Story:Wai‘ānapanapa State Park
Unforgettable. Located just off the Hāna Highway,
Wai´ ānapanapa State Park is famous its rocky lava coastline, offshore islets, and Pailoa Bay with its black sand beach. Crashing waves have sculpted this scenic shoreline of steep cliffs with sea arches and blow holes. A native hala forest covers much of the land behind this volcanic shoreline.
Wai‘ānapanapa was settled over 700 years ago with numerous settlements along the Hāna coastline. These settlements were connected by a coastal trail known as the Kihapi‘ilani Trail and named for a famous Maui ali‘i (chief). The stacked rock walls and walled cemeteries in the park are part of Honokalani Village from the early 1900s. Please do not disturb these important historic sites.

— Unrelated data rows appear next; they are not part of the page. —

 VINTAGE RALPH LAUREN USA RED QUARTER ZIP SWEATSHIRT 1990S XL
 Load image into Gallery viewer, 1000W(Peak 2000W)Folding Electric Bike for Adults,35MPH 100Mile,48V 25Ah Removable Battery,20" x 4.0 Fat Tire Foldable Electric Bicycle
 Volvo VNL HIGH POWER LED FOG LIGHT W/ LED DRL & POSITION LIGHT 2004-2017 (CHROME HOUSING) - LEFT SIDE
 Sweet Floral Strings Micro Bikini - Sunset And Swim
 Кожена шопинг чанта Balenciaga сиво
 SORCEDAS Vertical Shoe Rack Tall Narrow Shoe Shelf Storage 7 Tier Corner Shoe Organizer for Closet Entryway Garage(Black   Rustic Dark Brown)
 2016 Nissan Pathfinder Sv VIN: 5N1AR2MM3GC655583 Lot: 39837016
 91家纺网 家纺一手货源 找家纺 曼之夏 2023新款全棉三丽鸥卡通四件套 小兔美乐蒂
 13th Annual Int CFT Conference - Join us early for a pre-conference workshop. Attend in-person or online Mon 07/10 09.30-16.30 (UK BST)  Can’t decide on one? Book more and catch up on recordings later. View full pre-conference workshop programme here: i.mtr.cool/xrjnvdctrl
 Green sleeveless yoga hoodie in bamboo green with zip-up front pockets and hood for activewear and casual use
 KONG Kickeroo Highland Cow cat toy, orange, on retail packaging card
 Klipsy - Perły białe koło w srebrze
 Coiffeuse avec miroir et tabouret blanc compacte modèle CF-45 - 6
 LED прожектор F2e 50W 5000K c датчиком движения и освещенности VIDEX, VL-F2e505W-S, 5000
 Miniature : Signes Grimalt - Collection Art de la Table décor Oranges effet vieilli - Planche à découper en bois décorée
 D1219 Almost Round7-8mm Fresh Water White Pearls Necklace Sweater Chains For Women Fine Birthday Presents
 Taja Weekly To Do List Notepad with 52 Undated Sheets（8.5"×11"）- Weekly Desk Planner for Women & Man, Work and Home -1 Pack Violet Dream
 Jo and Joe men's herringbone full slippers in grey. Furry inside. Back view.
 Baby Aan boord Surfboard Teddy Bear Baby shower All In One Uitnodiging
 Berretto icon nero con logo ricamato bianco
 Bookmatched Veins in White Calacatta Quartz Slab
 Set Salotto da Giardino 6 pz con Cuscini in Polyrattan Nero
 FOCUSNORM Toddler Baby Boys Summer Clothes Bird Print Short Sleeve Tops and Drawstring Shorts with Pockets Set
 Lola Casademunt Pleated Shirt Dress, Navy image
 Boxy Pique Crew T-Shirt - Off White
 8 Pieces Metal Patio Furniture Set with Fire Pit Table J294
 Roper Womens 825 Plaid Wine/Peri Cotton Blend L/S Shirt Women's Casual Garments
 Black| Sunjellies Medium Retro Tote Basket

But there is much, much more to see and do. This 122-acre state park also offers natural features such as a native hala forest, natural stone arch and lava tubes as well as freshwater caves and seabird colonies. Wai´ ānapanapa means “glistening fresh water” in the Hawaiian language referring to nearby fresh water streams and sparkling pools.
As you walk the paved path within the 122-acre park, you may see nai‘a (dolphins), kohola (whales), and honu (green sea turtles) swimming offshore. Look for the native ua‘u (Hawaiian petrel) and ‘a‘o (Newell’s shearwater) flying around and nesting on the islets. Be sure to visit Pailoa Bay but always use caution when entering the ocean. You are asked to respect this special place and not remove any of the black sand from the beach.
Experience the natural beauty and history of this coastline by hiking a portion of the historic coastal trail found in the park. Other recreational opportunities include picnicking and swimming with overnight stays available at the cabins and campgrounds.
One last thing—reservations are required for park entry, camping, and cabin rentals.